Real gross domestic product—the output of goods and services produced by labor and property located in the United States—increased at an annual rate of 1.6 percent in the third quarter of 2006, according to advance estimates released by the Bureau of Economic Analysis. In the second quarter, real GDP increased 2.6 percent.
The Bureau emphasized that the third-quarter "advance" estimates are based on source data that are incomplete or subject to further revision by the source agency. The third-quarter "preliminary" estimates, based on more comprehensive data, will be released on Nov. 29, 2006.
The increase in real GDP in the third quarter primarily reflected positive contributions from personal consumption expenditures (PCE), exports, equipment and software, nonresidential structures,
and state and local government spending that were partly offset by a negative contribution from residential fixed investment. Imports, which are a subtraction in the calculation of GDP, increased.

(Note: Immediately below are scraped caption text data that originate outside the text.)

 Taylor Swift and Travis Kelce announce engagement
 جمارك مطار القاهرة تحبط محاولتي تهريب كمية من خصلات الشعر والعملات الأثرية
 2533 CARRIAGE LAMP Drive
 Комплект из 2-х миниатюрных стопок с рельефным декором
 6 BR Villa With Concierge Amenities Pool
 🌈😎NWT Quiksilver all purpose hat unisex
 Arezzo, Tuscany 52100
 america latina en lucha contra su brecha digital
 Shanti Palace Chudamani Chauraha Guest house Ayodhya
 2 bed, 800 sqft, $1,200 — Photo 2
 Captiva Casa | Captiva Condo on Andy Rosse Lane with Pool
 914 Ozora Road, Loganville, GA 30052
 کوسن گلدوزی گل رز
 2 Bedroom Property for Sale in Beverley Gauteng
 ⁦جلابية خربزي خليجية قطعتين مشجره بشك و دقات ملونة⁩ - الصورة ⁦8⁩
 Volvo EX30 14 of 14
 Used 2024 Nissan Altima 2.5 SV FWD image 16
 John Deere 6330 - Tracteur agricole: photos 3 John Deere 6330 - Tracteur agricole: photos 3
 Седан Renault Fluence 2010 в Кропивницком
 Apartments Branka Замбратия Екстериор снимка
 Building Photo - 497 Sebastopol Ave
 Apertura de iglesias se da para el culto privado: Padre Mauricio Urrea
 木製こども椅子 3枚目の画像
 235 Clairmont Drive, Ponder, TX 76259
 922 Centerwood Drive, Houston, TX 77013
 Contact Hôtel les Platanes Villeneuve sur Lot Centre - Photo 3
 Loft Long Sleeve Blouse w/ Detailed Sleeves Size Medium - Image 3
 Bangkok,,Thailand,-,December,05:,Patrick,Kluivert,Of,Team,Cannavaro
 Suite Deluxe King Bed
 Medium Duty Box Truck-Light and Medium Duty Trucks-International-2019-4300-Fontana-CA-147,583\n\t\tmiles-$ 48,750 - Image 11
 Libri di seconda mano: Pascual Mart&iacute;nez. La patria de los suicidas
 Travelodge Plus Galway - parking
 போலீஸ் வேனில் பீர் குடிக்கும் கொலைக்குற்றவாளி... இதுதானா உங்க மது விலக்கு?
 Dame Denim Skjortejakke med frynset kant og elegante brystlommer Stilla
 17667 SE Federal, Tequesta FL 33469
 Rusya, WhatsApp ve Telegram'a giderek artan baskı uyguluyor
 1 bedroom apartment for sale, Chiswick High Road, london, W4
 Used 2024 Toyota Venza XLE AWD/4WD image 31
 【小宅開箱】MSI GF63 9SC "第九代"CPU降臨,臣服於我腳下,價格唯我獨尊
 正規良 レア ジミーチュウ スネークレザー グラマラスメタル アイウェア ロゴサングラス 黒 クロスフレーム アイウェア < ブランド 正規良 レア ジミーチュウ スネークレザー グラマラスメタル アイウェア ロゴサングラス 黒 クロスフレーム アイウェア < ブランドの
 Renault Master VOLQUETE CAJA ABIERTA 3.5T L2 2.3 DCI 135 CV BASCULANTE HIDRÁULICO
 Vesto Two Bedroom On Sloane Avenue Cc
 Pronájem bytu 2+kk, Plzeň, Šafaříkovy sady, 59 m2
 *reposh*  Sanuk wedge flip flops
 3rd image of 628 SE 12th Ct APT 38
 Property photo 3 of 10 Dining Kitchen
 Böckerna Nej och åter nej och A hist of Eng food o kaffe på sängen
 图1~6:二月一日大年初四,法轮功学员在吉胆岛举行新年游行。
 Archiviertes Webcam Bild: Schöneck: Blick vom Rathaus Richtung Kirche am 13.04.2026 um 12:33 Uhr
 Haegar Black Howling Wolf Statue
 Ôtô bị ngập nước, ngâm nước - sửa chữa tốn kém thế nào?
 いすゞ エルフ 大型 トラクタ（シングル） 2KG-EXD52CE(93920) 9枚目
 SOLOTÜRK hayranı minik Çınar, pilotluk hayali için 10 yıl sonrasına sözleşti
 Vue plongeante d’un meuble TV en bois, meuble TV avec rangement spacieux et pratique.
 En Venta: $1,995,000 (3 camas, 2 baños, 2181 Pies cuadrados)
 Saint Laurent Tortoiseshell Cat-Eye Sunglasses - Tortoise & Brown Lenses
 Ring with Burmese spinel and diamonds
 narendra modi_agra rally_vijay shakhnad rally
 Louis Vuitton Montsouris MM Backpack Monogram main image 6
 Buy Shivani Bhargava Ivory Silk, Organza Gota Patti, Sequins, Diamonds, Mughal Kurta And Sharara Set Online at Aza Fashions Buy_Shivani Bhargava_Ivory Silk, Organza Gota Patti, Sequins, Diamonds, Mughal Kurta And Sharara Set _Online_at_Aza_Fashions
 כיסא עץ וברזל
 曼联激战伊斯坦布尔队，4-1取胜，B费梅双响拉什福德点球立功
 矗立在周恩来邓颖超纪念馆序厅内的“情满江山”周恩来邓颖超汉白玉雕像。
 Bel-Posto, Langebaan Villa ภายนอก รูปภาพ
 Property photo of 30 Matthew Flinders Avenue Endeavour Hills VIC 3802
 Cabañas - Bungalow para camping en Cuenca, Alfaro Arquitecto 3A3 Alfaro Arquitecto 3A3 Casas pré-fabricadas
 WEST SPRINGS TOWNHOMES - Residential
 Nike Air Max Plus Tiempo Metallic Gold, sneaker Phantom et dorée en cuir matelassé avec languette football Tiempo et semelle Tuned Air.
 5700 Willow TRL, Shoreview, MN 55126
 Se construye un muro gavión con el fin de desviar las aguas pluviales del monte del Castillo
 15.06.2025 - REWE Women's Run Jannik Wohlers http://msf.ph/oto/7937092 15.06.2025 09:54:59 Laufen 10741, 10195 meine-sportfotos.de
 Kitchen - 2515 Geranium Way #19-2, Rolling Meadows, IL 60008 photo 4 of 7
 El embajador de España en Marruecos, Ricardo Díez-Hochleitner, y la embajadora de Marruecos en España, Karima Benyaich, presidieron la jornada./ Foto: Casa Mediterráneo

The deceleration in real GDP growth in the third quarter primarily reflected acceleration in imports, a downturn in private inventory investment, a larger decrease in residential fixed investment,
and decelerations in PCE for services and in state and local government spending that were partly offset by upturns in PCE for durable goods, in equipment and software, and in federal government spending.
Final sales of computers contributed 0.10 percentage point to the third-quarter growth in real GDP after contributing 0.04 percentage point to the second-quarter growth. Motor vehicle output contributed 0.72 percentage point to the third-quarter growth in real GDP after subtracting 0.31 percentage point from the second-quarter growth.